[Records from a data source]

::::

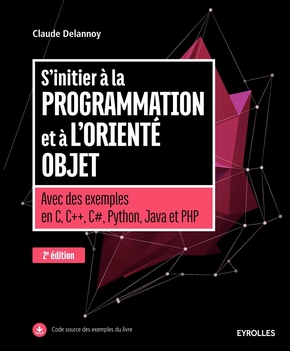 S'initier à la programmation et à l'orienté objet A : vec des exemples en C, C++, C#, Python, Java et PHP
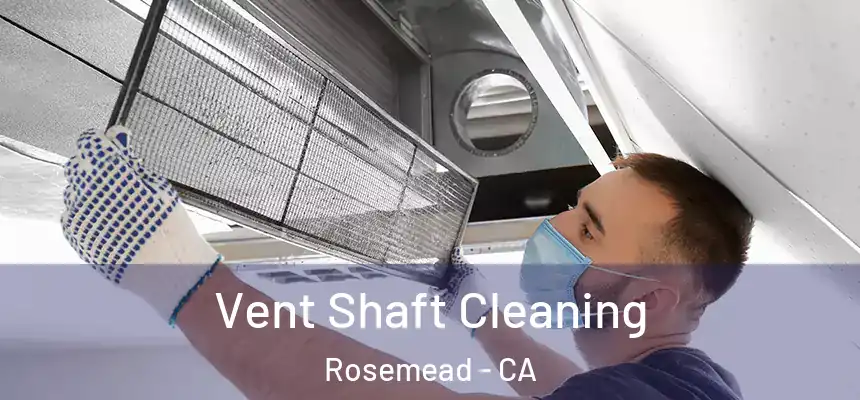  Vent Shaft Cleaning Rosemead - CA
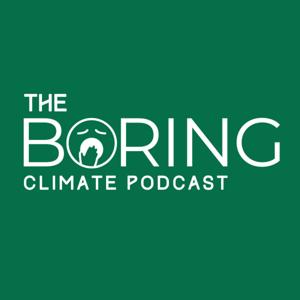 The Boring Climate Podcast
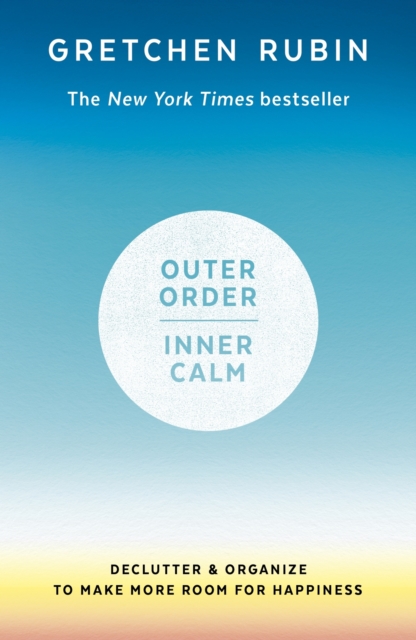 Outer Order Inner Calm : declutter and organize to make more room for happiness, EPUB eBook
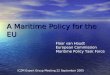 A Maritime Policy for the EU Floor van Houdt European Commission Maritime Policy Task Force ICZM Expert Group Meeting 22 September 2005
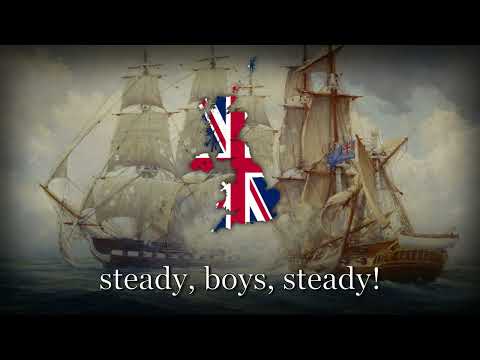 "Heart of Oak" - British Patriotic Song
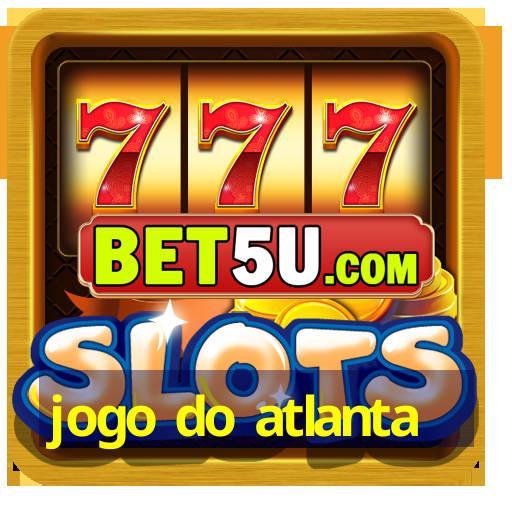 jogo do atlanta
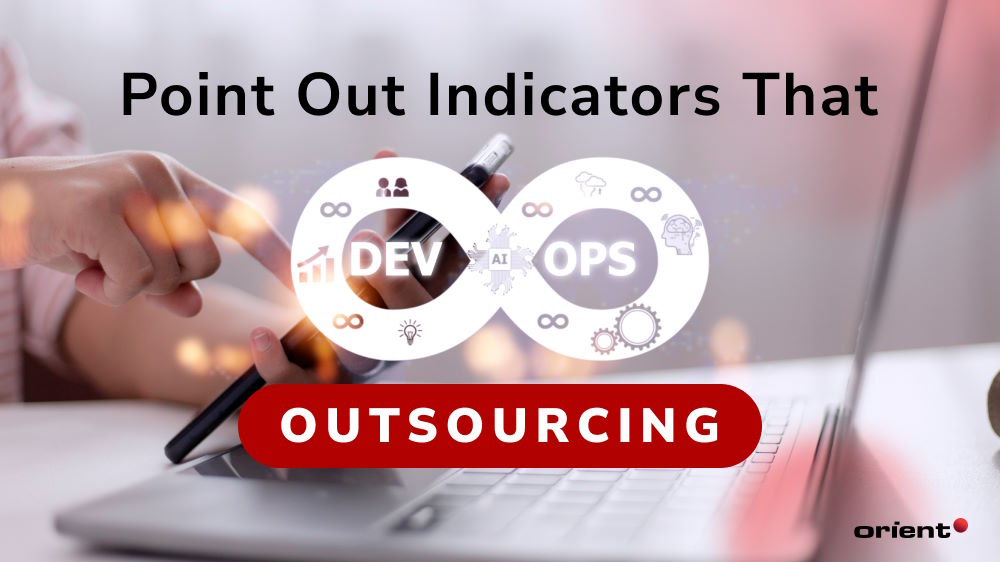 Point Out Indicators That DevOps Outsourcing Is Right for You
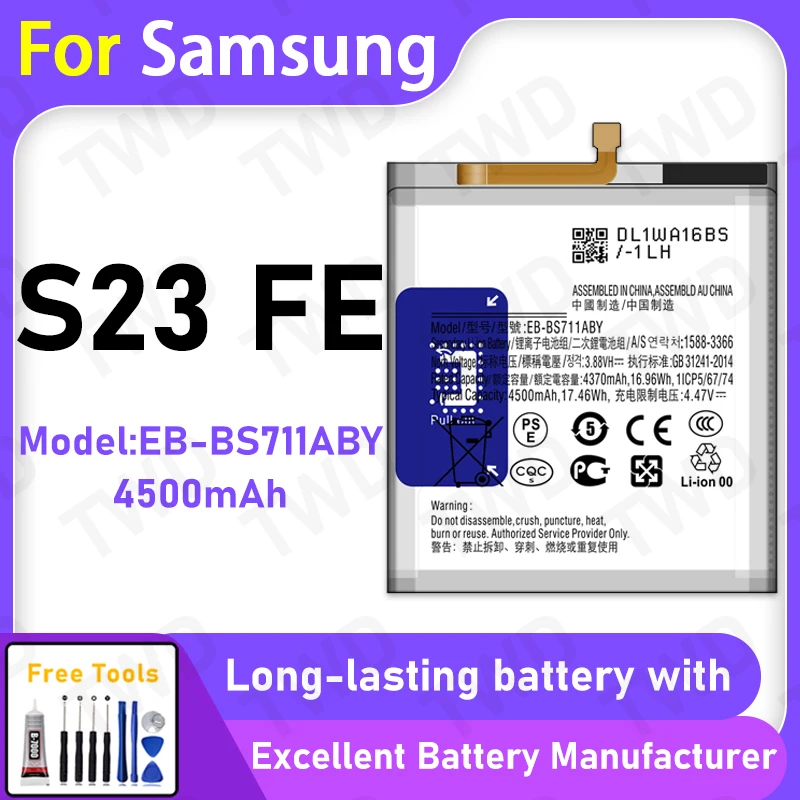 

100% New 4500mAh EB-BS711ABY Battery For Samsung Galaxy S23 FE Battery Replacement Bateria+Free Tools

::::

EXERCISE REQUIREMENTS:
Could the entries above be retyped exactly, with the pictures left out?

ANSWER FOR THIS EXERCISE:
 S'initier à la programmation et à l'orienté objet A : vec des exemples en C, C++, C#, Python, Java et PHP
  Vent Shaft Cleaning Rosemead - CA
 The Boring Climate Podcast
 Outer Order Inner Calm : declutter and organize to make more room for happiness, EPUB eBook
 A Maritime Policy for the EU Floor van Houdt European Commission Maritime Policy Task Force ICZM Expert Group Meeting 22 September 2005
 "Heart of Oak" - British Patriotic Song
 jogo do atlanta
 Point Out Indicators That DevOps Outsourcing Is Right for You

100% New 4500mAh EB-BS711ABY Battery For Samsung Galaxy S23 FE Battery Replacement Bateria+Free Tools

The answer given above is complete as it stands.